Não me falta tempo para fazer o que mais gosto: escrever. Gosto do barulho das teclas da antiga máquina de datilografia que, se não fosse por mim, estaria enferrujada. Uso ela para a primeira edição de qualquer coisa que componho. Depois corrijo os muitos trechos que me incomodam no computador. Ao final envio pra um email e não guardo nada no arquivo. Tudo que tenho são papéis que um dia levaram uma surra das teclas. Provavelmente o arquivo do email será um dia editado e, usando sucessivas mentiras, eu vou trabalhar muito para tapar os furos da minha história.
Não posso negar que há muita solidão neste processo. Diria que estou enlouquecendo se não fosse irônico demais.

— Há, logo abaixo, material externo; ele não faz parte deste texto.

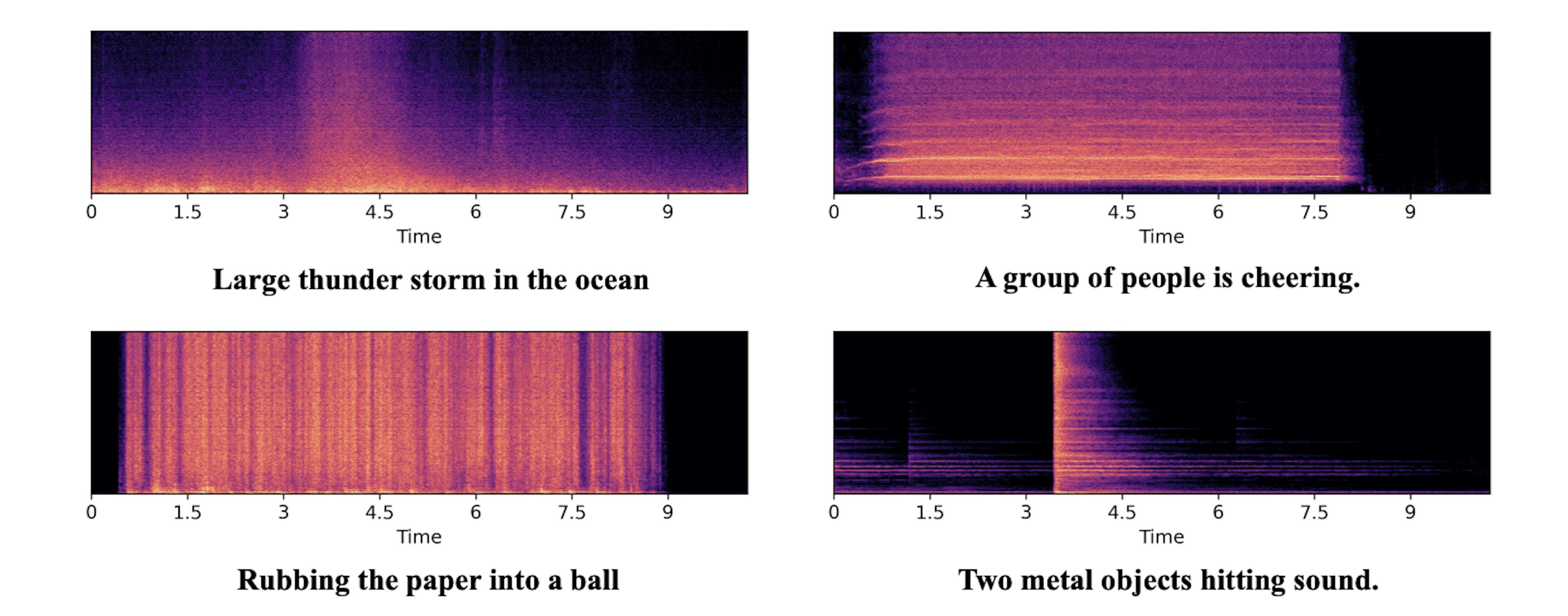 Sound effects generated in AudioLDM, from the Arxiv paper. AudioLDM can generate human speech and sound effects from both natural and human environments.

Só estes papéis me aproximam do que se chama diálogo, e foram diálogos comigo mesmo que me trouxeram aqui.
Ensaiei contar muitas vezes o início de tudo, mas o desfecho parece me impedir de ver todo o resto com clareza. Quando se apagaram as horas finais também se apagaram as luzes e quando finalmente se acenderam vi minhas mãos sujas de sangue. Por isso as lavo obsessivamente até hoje. Acordo em pé. Às vezes até escrevo dormindo.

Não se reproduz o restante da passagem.